Leaving out every image, restate all the records word for word.
Segment Open
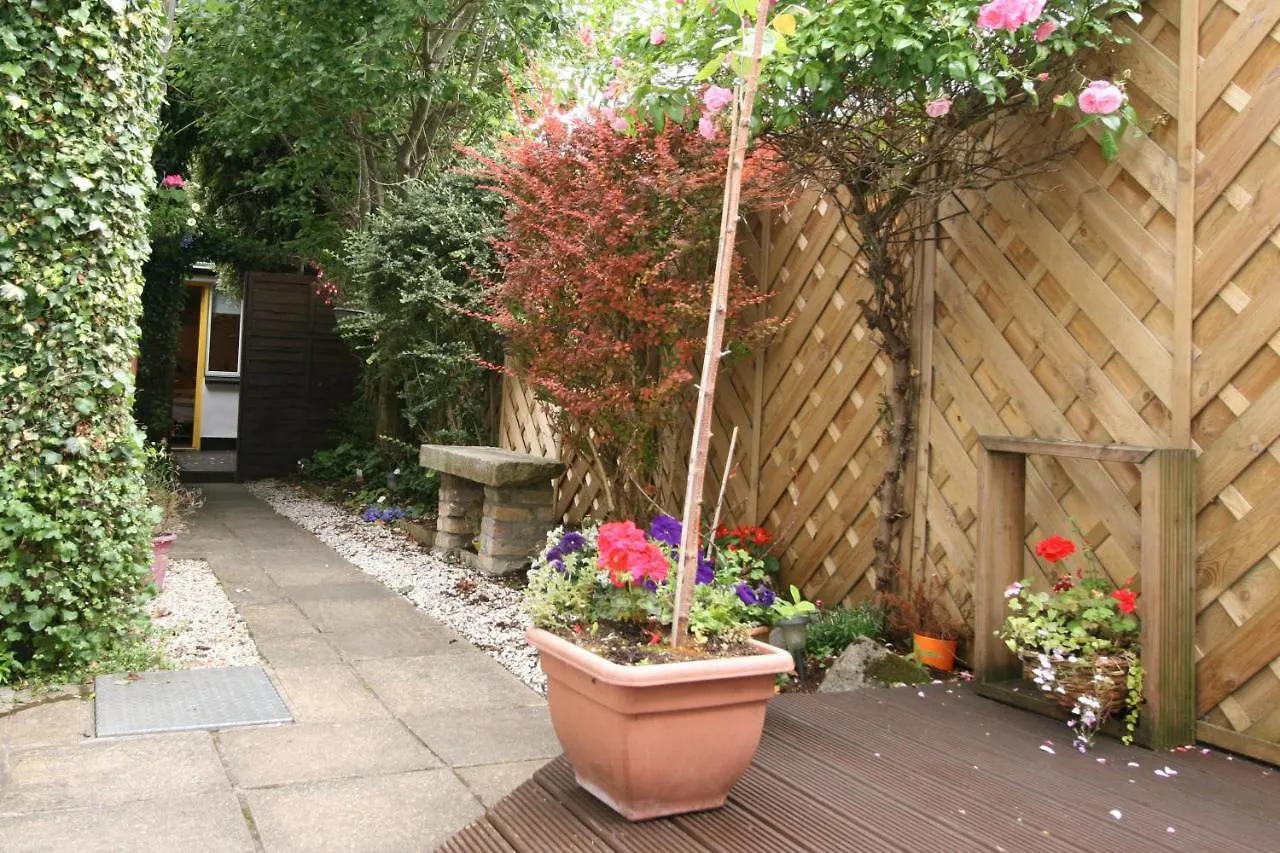 Guest house Donnybrook Hall Dublin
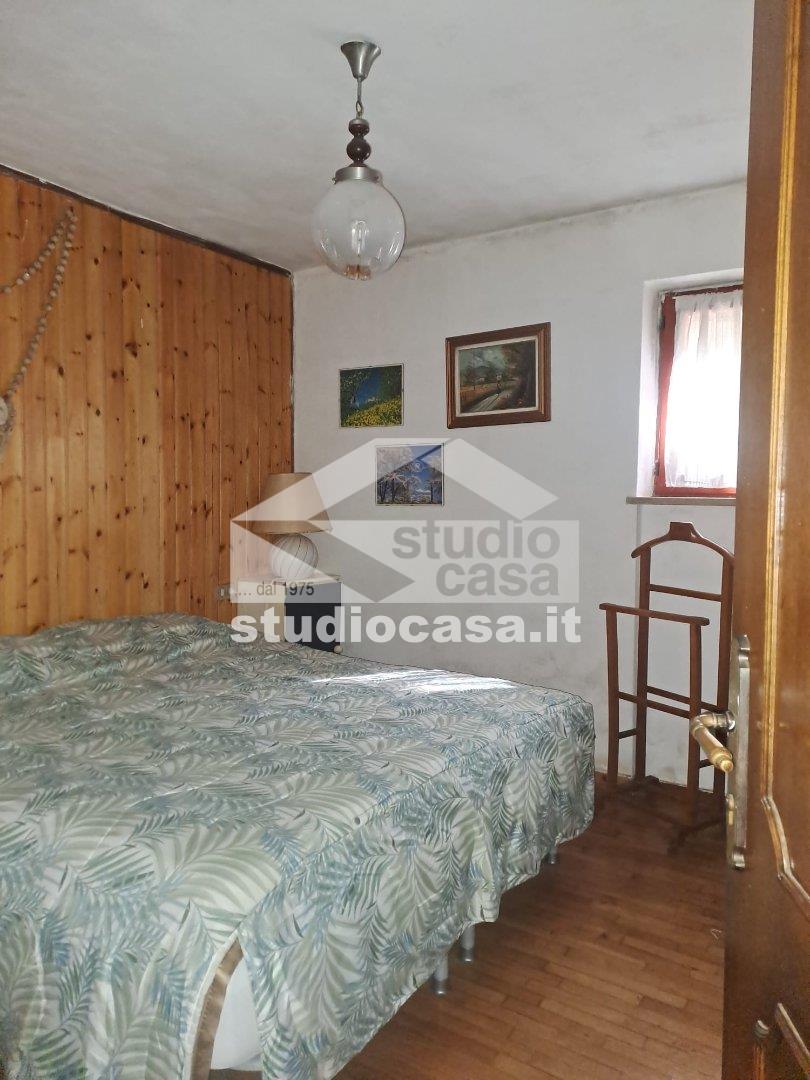 Appartamento in vendita a Costa Serina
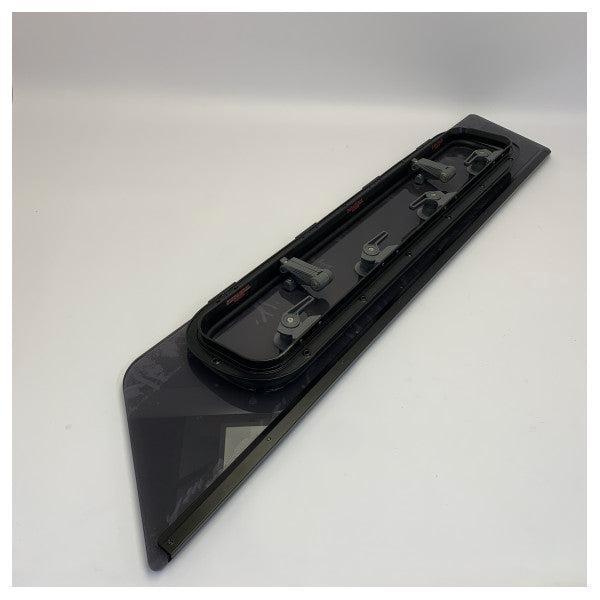 Bieden: Lewmar Flush Trim Portlight Aft with, Watersport en Boten, Bootonderdelen, Ophalen of Verzenden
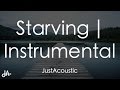 Starving - Hailee Steinfeld & Grey ft. Zedd (Acoustic Instrumental)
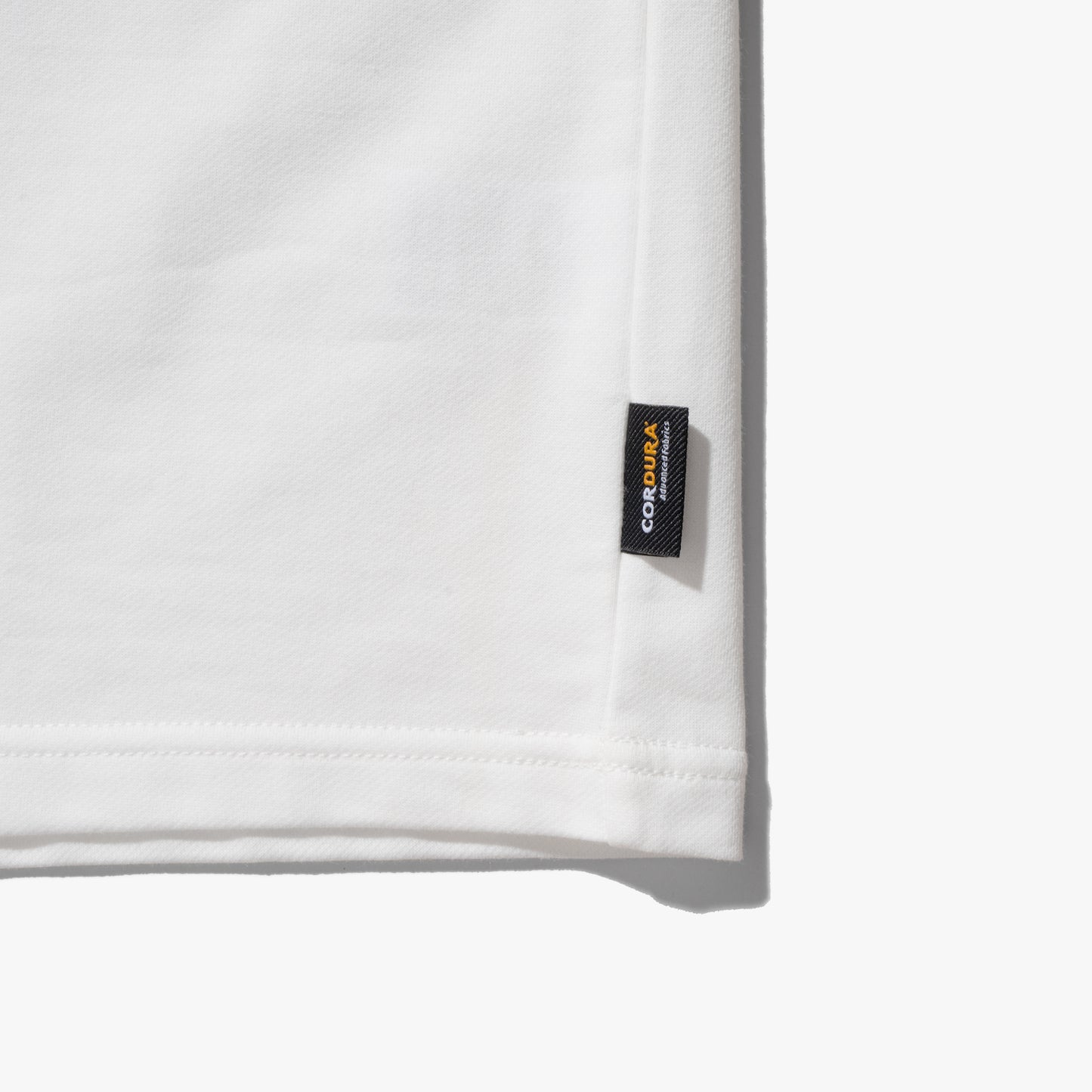 CORDURA® CREW NECK S/S TEE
Segment Closed
● **Written response**:
 Guest house Donnybrook Hall Dublin
 Appartamento in vendita a Costa Serina
 Bieden: Lewmar Flush Trim Portlight Aft with, Watersport en Boten, Bootonderdelen, Ophalen of Verzenden
 Starving - Hailee Steinfeld & Grey ft. Zedd (Acoustic Instrumental)
 CORDURA® CREW NECK S/S TEE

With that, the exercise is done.